_WHAT THE TASK REQUIRES:_
Omit the pictures and reproduce the rest of the listing exactly.

_SUPPLIED INFORMATION:_
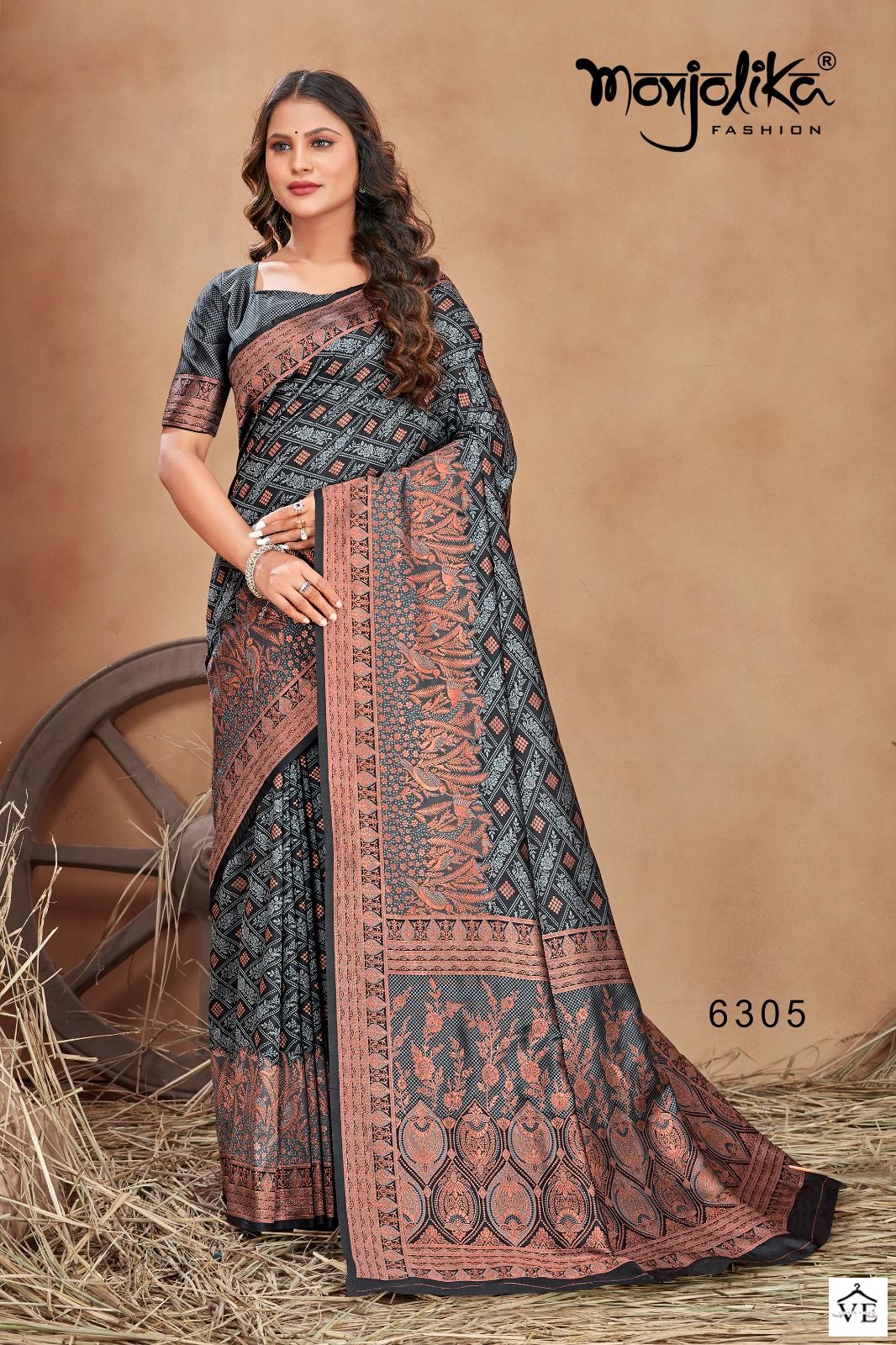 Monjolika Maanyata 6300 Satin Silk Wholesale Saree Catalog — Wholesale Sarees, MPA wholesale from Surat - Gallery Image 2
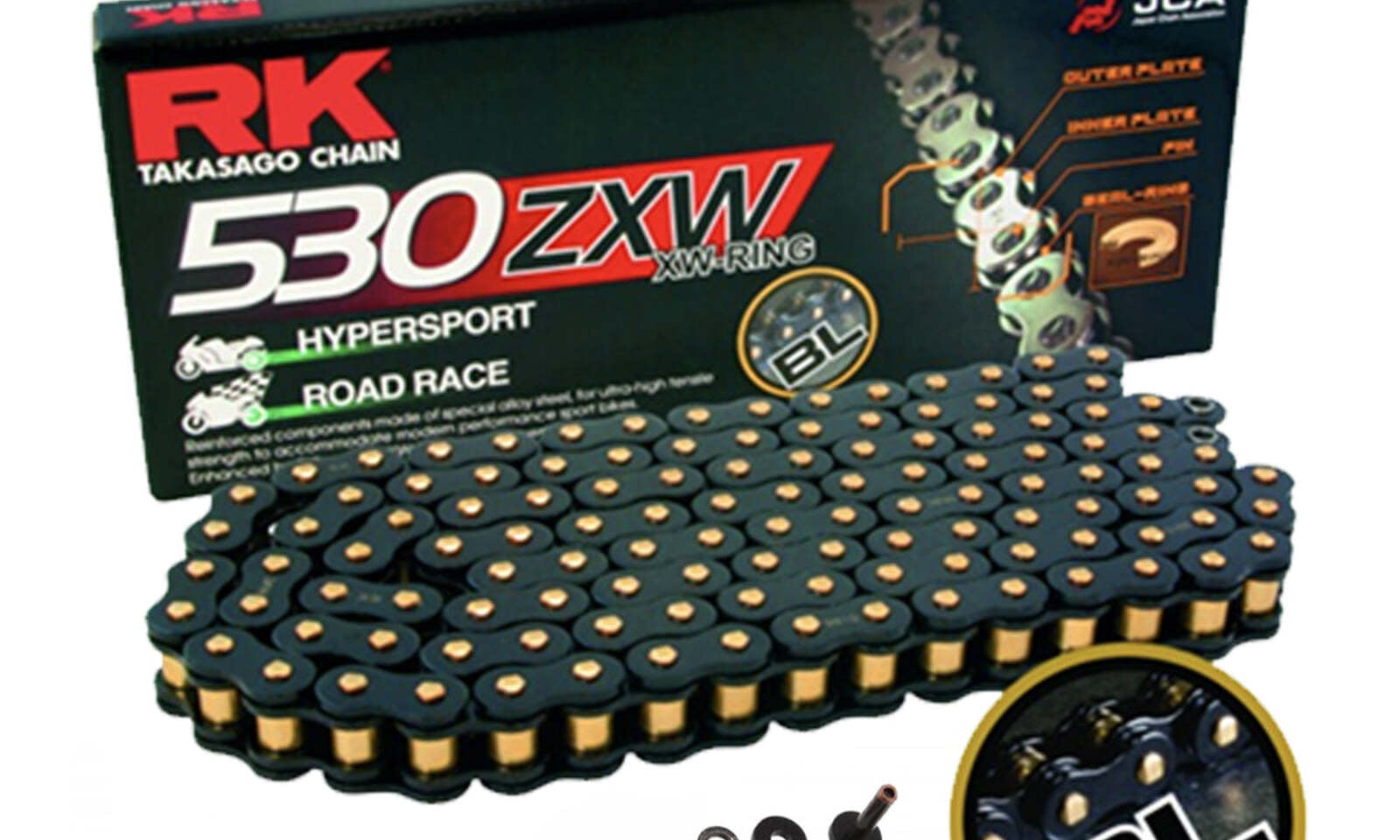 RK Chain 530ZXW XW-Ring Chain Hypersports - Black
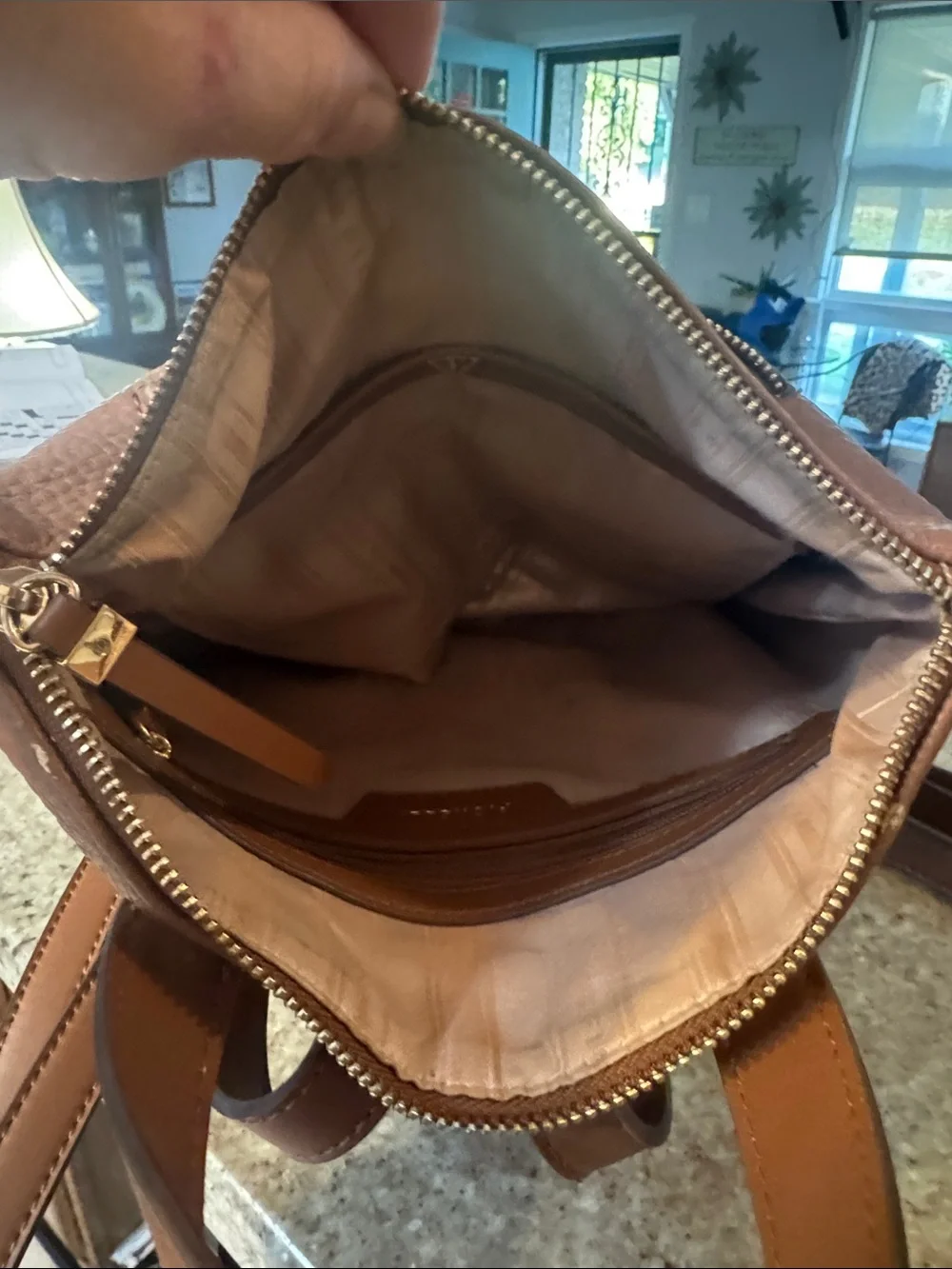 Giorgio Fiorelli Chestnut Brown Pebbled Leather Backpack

_RESPONSE TO THE EXERCISE:_
 Monjolika Maanyata 6300 Satin Silk Wholesale Saree Catalog — Wholesale Sarees, MPA wholesale from Surat - Gallery Image 2
 RK Chain 530ZXW XW-Ring Chain Hypersports - Black
 Giorgio Fiorelli Chestnut Brown Pebbled Leather Backpack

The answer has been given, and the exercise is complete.